A recent analysis conducted by the Pembina Institute provides comprehensive information on greenhouse gas issues associated with oil sands development, highlighting several key concerns. While it's true that there has been a decrease in emissions intensity, the more troubling trend is that planned growth will result in a near tripling of greenhouse gas emission emissions from 2008 to 2020. Furthermore, as a growing proportion of oil sands production comes from in situ drilling operations, which are more greenhouse gas intensive, the greenhouse gas intensity of an average barrel of oil sands will increase in the coming years. Public relations efforts cannot change these facts.

In the midst of this war of words, some unlikely messengers suggest continued public relations campaign may not achieve the desired goal.

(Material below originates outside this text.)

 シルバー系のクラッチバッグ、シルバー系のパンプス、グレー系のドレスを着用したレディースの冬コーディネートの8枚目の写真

Ken Chapman, a principal of Cambridge Strategies who recently conducted a poll of Albertans, noted that it would be better to "perform first and message later." Even the premier's council for economic strategy suggested: "It may take a dramatic gesture to convince a skeptical public to applaud Alberta as a responsible natural resource steward." U.S. Ambassador David Jacobson proposed that "they need to do more to demonstrate how they're meeting the challenges of providing energy security while meeting their obligations of environmental stewardship."

Rather than a public relations campaign, the Canadian public will likely measure the Stelmach government and the oil sands industry by the actions they take to address oil sands impacts. Edmonton Journal columnist Graham Thomson put it well advising that "the best way for the Alberta government and energy companies to win the public relations battle over environmental concerns is through actions, not more public relations battles."

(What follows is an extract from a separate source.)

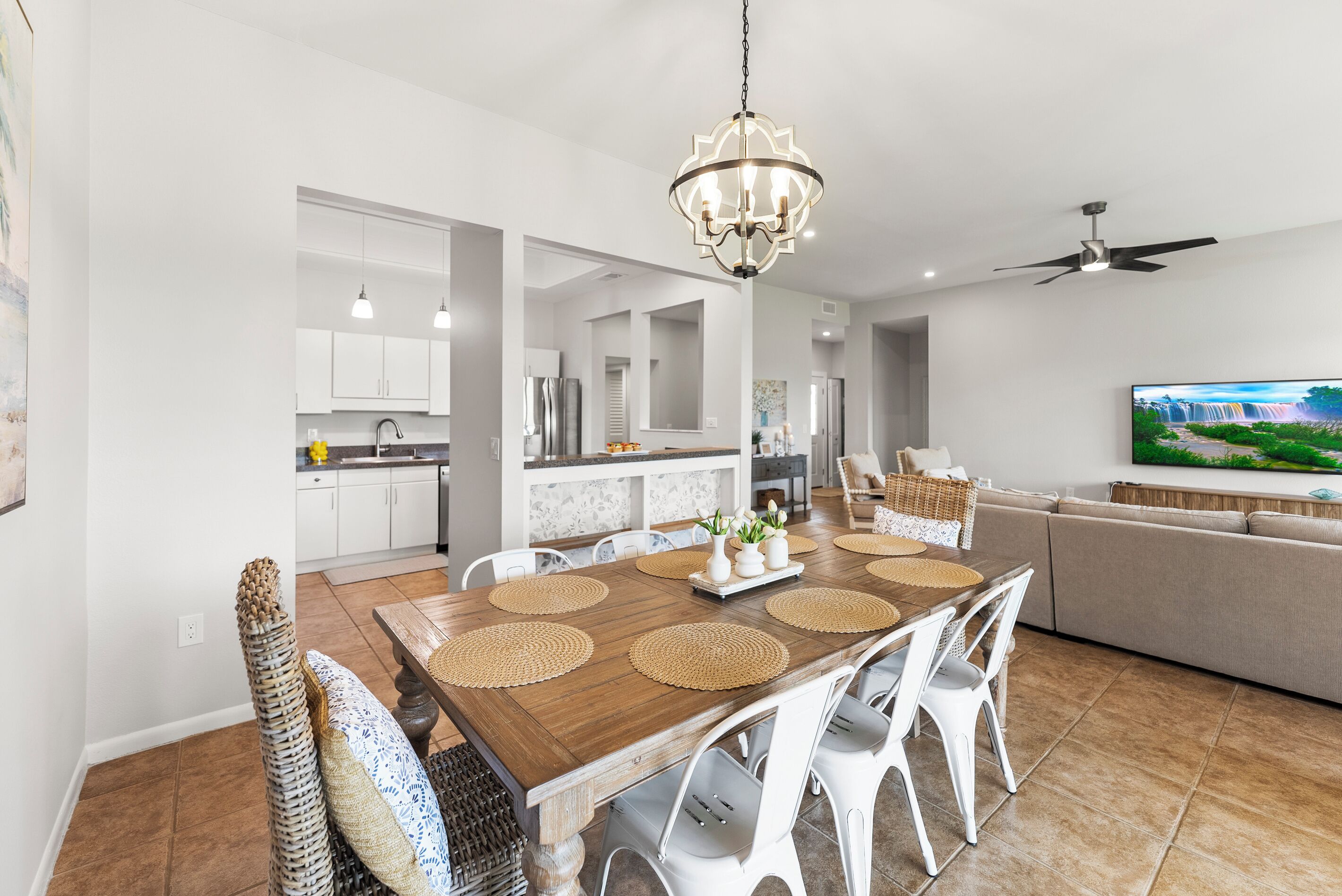 A modern dining area with a wooden table, white chairs, and a chandelier.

As my colleague Simon Dyer recently said, "Alberta could regain some credibility by pausing new projects approvals until some of the key missing elements to responsible management are in place."

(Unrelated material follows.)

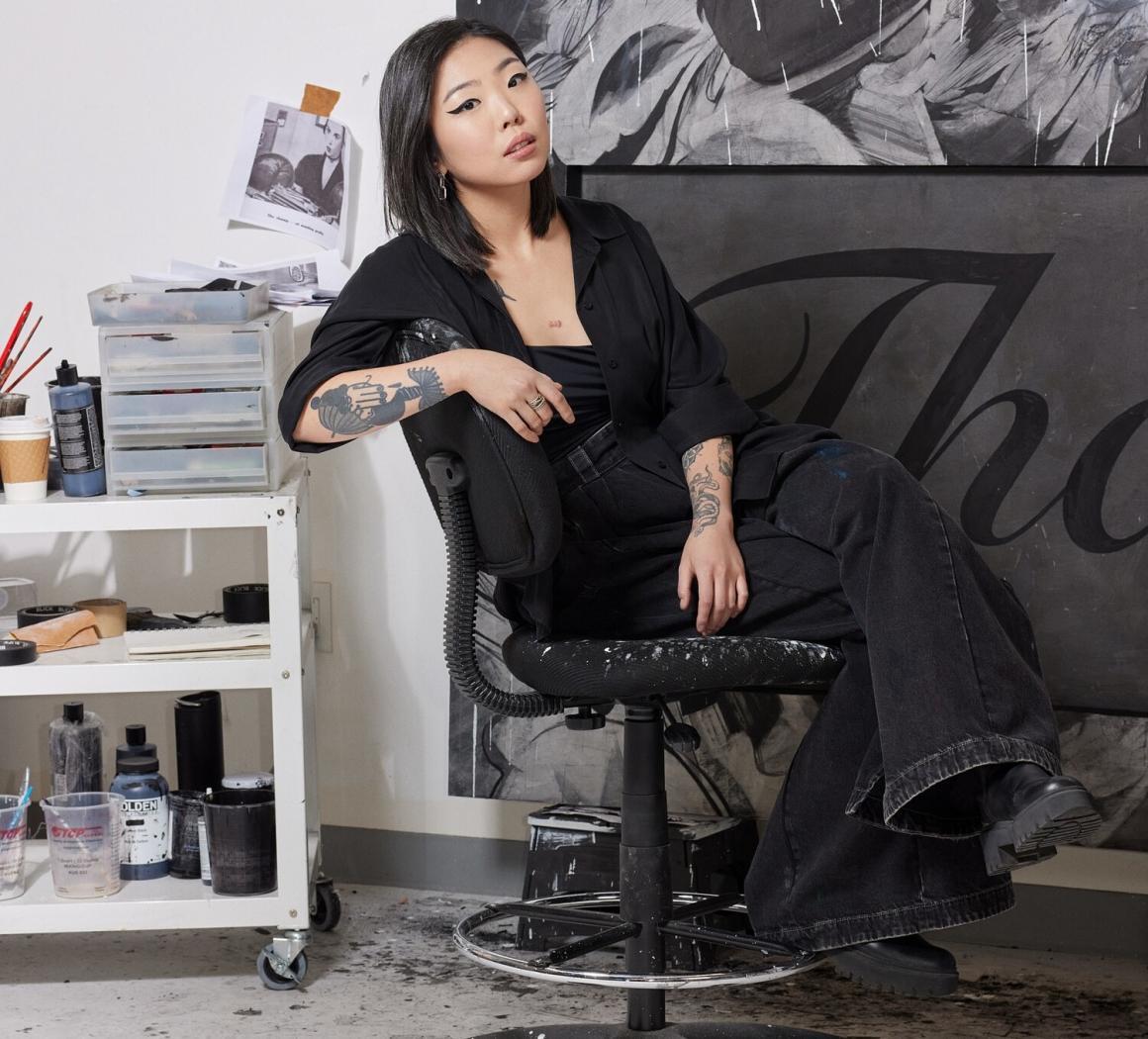 The artist Anna Park sits in front of one of her artworks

In the case of oil sands, public relations will go only so far to countering a growing image problem. It will likely take a dramatic gesture as suggested by the premier's council for the public in both Canada and the U.S. to take notice.

HarmonyFdn.ca — Aug 11, 2010 - 03:33 PM MT

Great post!

You are absolutely right that Alberta is ultimately at the losing end of this battle from a PR point of view. They are losing because ReThink Alberta, while sensationalist in their tactics, is attacking with the facts on their side. Alberta can spend and spin all it wants but ultimately it will need substance to sway public opinion. That substance can only come with real and significant change.